The AcceleratorModule class has 3 main methods:

  • forward: Defines the flow of data.
  • training_step: Defines the training logic up to the loss function.
  • validation_step: Defines the validation logic up to the loss function.

The structure looks like this:

class ExampleModule(AcceleratorModule):
    def __init__(self):
        self.model = ...

    def forward(self, x):
        return self.model(x)

    def training_step(self, batch, status_dict):
        x, y = batch
        # ...
        return train_loss

    def validation_step(self, batch, status_dict):
        x, y = batch
        # ...
        return val_loss

More information about module structure here.

To train this Module, you need a Trainer class:

from accmt import Trainer

trainer = Trainer(
    hps_config="hps_config.yaml",
    checkpoint="checkpoint_folder"
)

More information about trainer here.

HPS config file

This is a YAML file containing hyperparameters for your training.

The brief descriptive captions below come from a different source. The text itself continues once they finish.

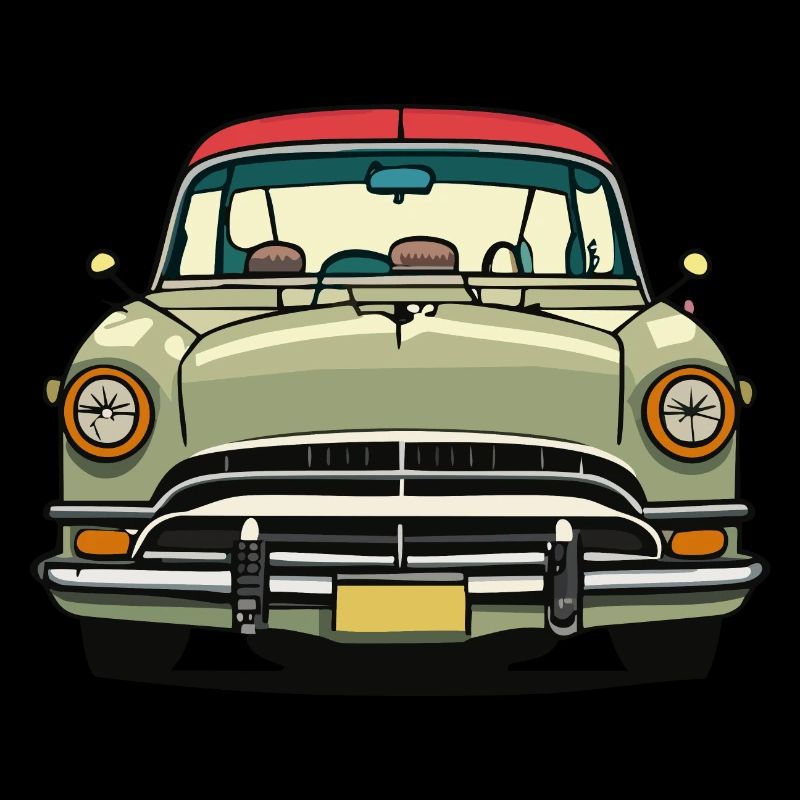 Voiture de collection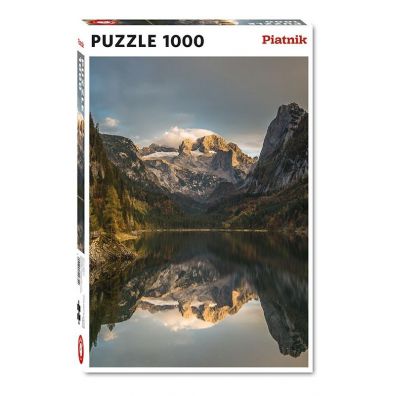 Puzzle 1000 el. Dachstein Piatnik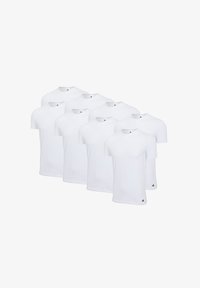 Unselected, white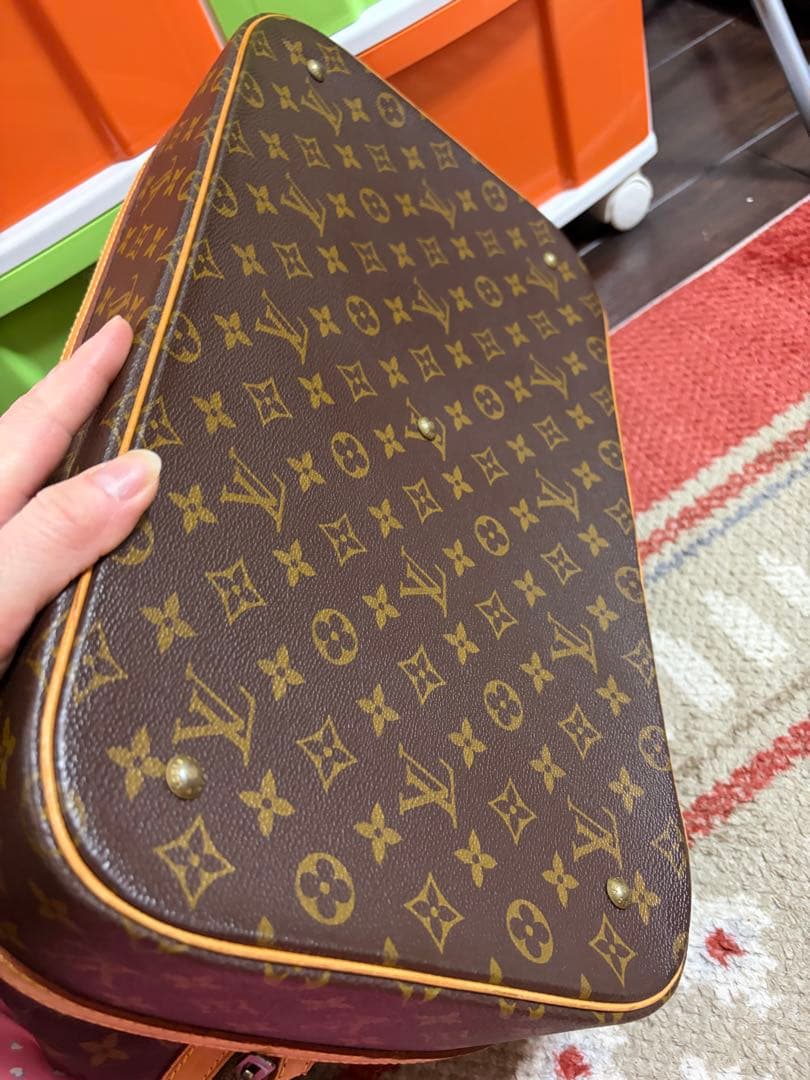 Louis Vuitton ボストンバッグ モノグラム　ゴルフバッグ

The structure looks like the following:

hps:
  epochs: 40
  batch_size: 35
  optim:
    type: AdamW
    lr: 1e-3
    weight_decay: 1e-3
  scheduler:
    type: OneCycleLR
    max_lr: 1e-3

An optimizer (optim) is necessary, while a scheduler is optional (do not specify if you don't want to).

Available optimizer types are the following:

Optimizer Source
Adam PyTorch
Adadelta PyTorch
Adagrad PyTorch
Adamax PyTorch
AdamW PyTorch
Adafactor HuggingFace
ASGD PyTorch
LBFGS PyTorch
NAdam PyTorch
RAdam PyTorch
RMSprop PyTorch
Rprop PyTorch
SGD PyTorch
SparseAdam PyTorch

Available schedulers types are the following:

Scheduler Source
StepLR PyTorch
LinearLR PyTorch
ExponentialLR PyTorch
CosineAnnealingLR PyTorch
CyclicLR PyTorch
OneCycleLR PyTorch
CosineAnnealingWarmRestarts PyTorch
CosineWithWarmup HuggingFace
Constant HuggingFace
ConstantWithWarmup HuggingFace
CosineWithHardRestartsWithWarmup HuggingFace
InverseSQRT HuggingFace
LinearWithWarmup HuggingFace
PolynomialDecayWithWarmup HuggingFace

Finally, we can train our model by using the .fit() function, providing our AcceleratorModule and the train and validation datasets (from PyTorch):

trainer.fit(module, train_dataset, val_dataset)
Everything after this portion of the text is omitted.